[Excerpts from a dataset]
####################

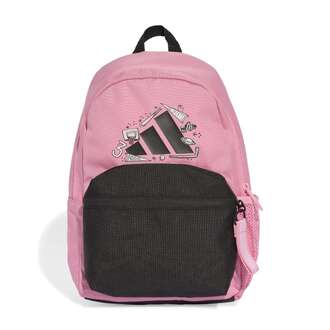 Dečiji ranac ADIDAS LK DOODLE BPK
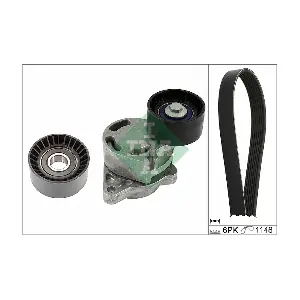 WG2136835 WILMINK GROUP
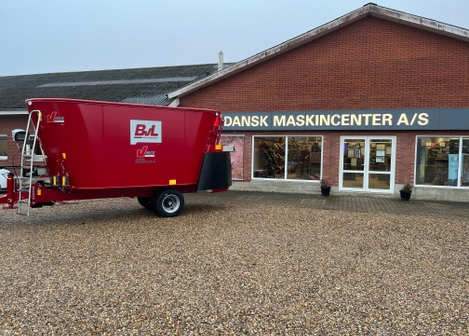 20260224 065628823 I Os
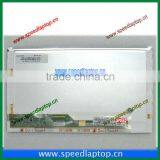DL-125 Replacement Lcd Panel For Dell Inspiron 1440 Bt140Gw01 V.0 thumbnail-1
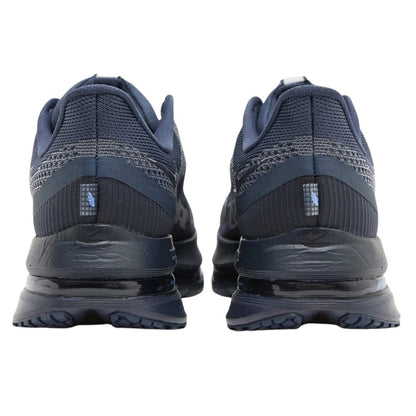 Pegasus Premium Men's :Blue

####################

If pictures appear in the data, do not print them; repeat the rest exactly.

▶ _REPLY_
 Dečiji ranac ADIDAS LK DOODLE BPK
 WG2136835 WILMINK GROUP
 20260224 065628823 I Os
DL-125 Replacement Lcd Panel For Dell Inspiron 1440 Bt140Gw01 V.0 thumbnail-1
 Pegasus Premium Men's :Blue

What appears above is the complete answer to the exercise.